Kota ini dibangun oleh Ki Gede Sebayu. Bersama dengan penduduk setempat, ia terinspirasi untuk meningkatkan sektor pertanian di wilayah ini karena kesuburan tanahnya. Karena usaha untuk mengembangkan wilayah tersebut dan untuk menyebarkan iman, segera ia menjadi pemimpin tinggi dan simbol kota. penobatan Nya sebagai pemimpin diselenggarakan bersama dengan sebuah festival tradisional setelah panen pertanian besar. Sesuai dari peraturan daerah no. 5 / 1988, 28 Juli adalah hari ulang tahun kota Tegal
Di tahun 1920, kota ini menjadi pusat Partai Komunis Indonesia (PKI) aktivisme, dan para pemimpin radikal PKI cabang Tegal adalah antara penghasut pemberontakan 1926 yang menyebabkan kerusakan sementara partai itu.
Pada tanggal 8 Oktober, 1945 anti-“Swapraja”, atau anti-feodalisme, gerakan yang disebut Gerakan Tiga Kawasan / “Gerakan Tiga Daerah” didirikan di Tegal, Pekalongan, dan Brebes. Tujuan dari gerakan ini adalah untuk menggantikan bupati darah biru (terkait dengan raja-raja dari Yogyakarta dan Surakarta ) dengan orang-orang biasa. Menurut para pemimpin gerakan ini, bupati tua itu bekerja sama dengan Jepang selama Perang Dunia II dan mengirim orang ke kamp-kamp kerja budak Jepang.
Pemimpin utama gerakan ini adalah Sarjiyo yang menjadi bupati Pekalongan yang baru. Pemimpin lain dari gerakan ini adalah Kutil, K. Mijaya dan Ir. Sakirman. Ir Sakirman adalah pemimpin lokal Partai Komunis Indonesia (PKI). Bupati tua ditangkap, ditelanjangi, dan diseret ke dalam penjara. pejabat pemerintah lainnya dan polisi diculik dan dibantai di jembatan Talang, Tegal. Gerakan ini juga mulai kerusuhan rasial terhadap etnis Cina di Brebes .
Pemerintah Republik Indonesia (RI) di Yogyakarta tidak setuju dengan gerakan ini dan menyatakan itu ilegal.

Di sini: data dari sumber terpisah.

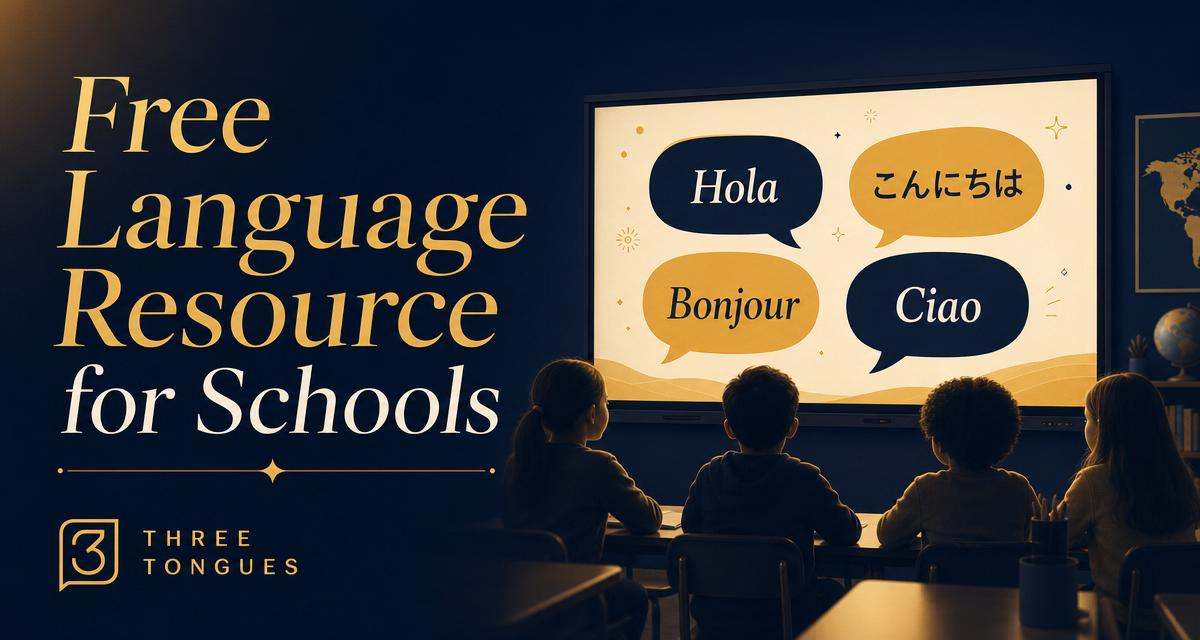 Three Tongues free language resource for schools showing a multilingual classroom listening game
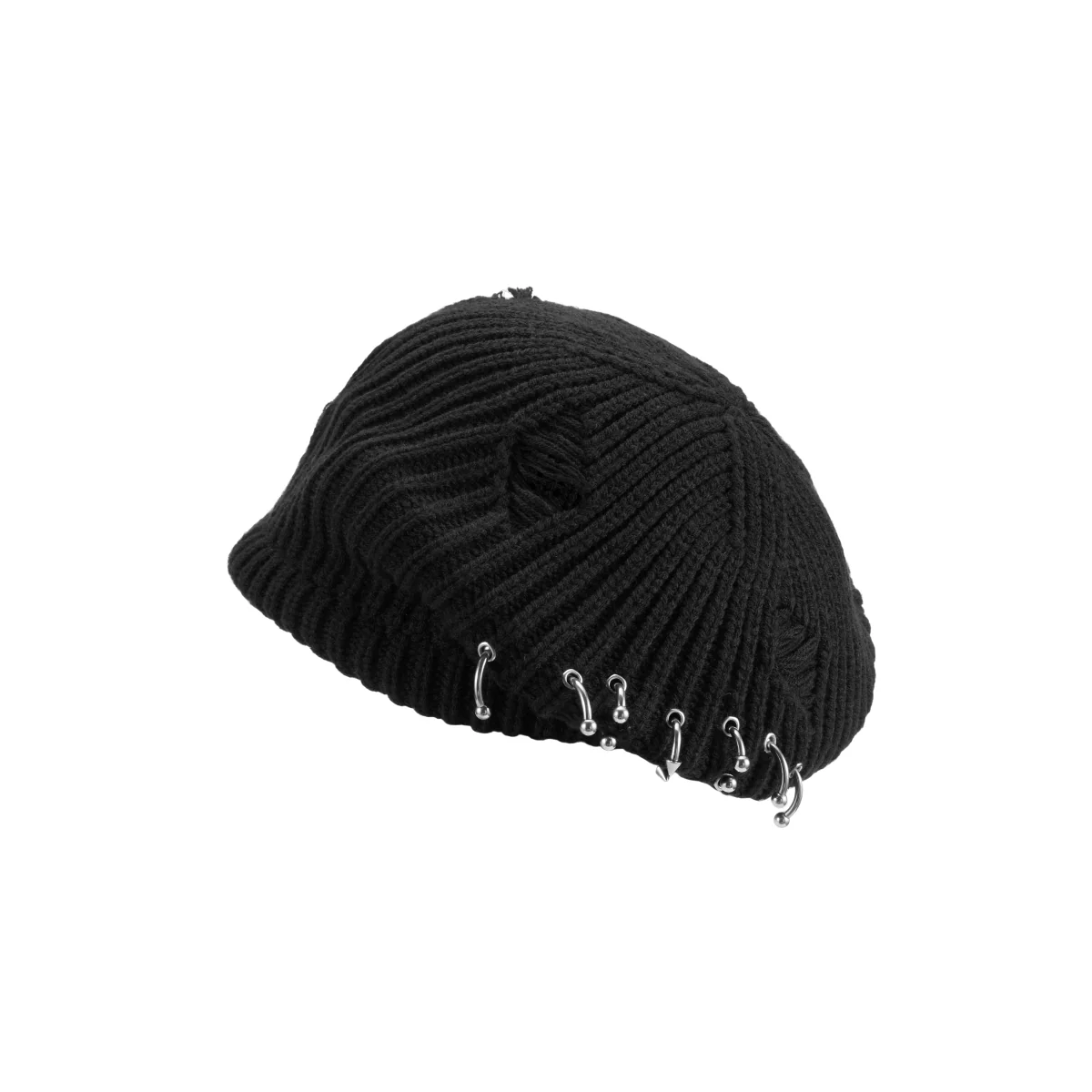 Pierced Knit Beret Hat - Image 6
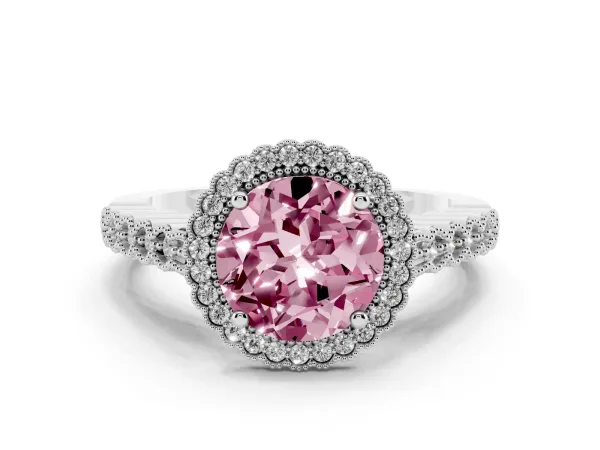 Fancy Pink Round Cut Cut Halo Pavé Solitaire Ring with Milgrain Band Platinum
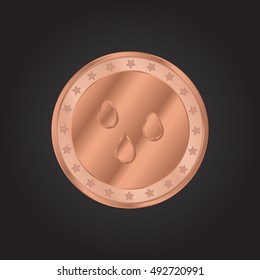 Wet embossed realistic bronze coin precious Icon / Logo Design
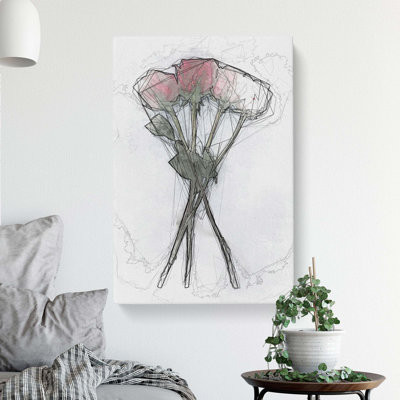 Bunch of Red Roses in Abstract - Wrapped Canvas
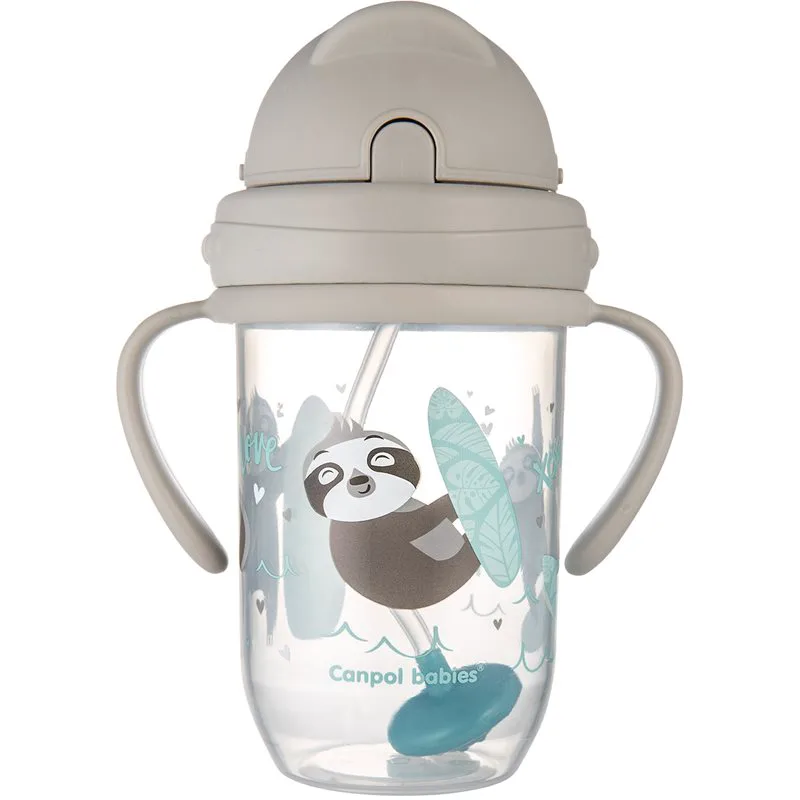 Canpol babies Exotic Animals Cup With Straw κύπελλο με καλαμάκι Gray 270 ml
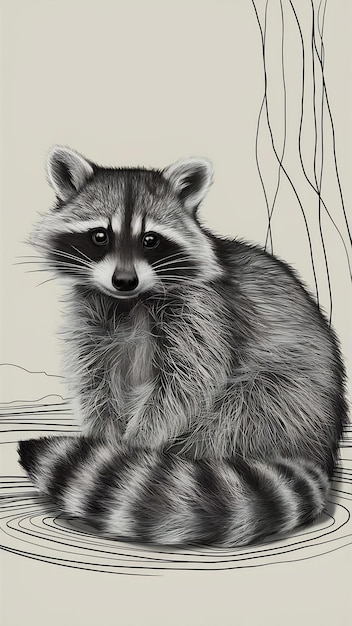 Photo hyperrealistic raccoon illustration in line drawing style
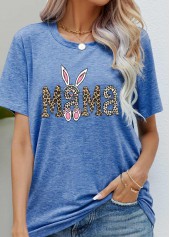 Mother's Day Dusty Blue Letter Print T Shirt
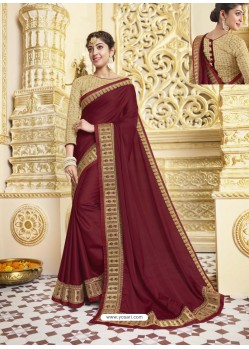 Maroon Designer Party Wear Fancy Satin Georgette Sari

Pada tanggal 4 November 1945, gerakan ini menyerang markas tentara Indonesia dan kantor bupati di Pekalongan. Para pemberontak dikalahkan oleh tentara Indonesia dalam pertempuran sengit pada tanggal 21 Desember 1945. Kebanyakan para pemimpin gerakan ini ditangkap dan dilemparkan ke dalam penjara. Pemberontakan ini disebut Tiga Kawasan Affair.
Selama kerusuhan menyusul pengunduran diri Presiden Suharto pada tahun 1998, Tegal adalah tempat protes luas, dan kekerasan kadang-kadang, terhadap pejabat pemerintah daerah, terutama pada bulan Juni 1998.
Tempat Wisata

1. Goa Lawet

Goa Lawet merupakan goa alam indah dan berbatuan konon cerita sejarah tempat bertapa Raja-raja Mataram. Goa lawet terletak pada koordinat (289200, 9245448) UTM pada ketinggian 169 mdpl. Balapulang, di bagian selatan Kabupaten Tegal tepatnya di Desa Harjowinangun. Merupakan goa alam yang indah dan berbatuan. Akomodasi di objek wisata ini kurang memadai, tidak terdapat penginapan di objek wisata ini. Rumah makan kecil tersedia dalam jumlah yang tidak begitu banyak.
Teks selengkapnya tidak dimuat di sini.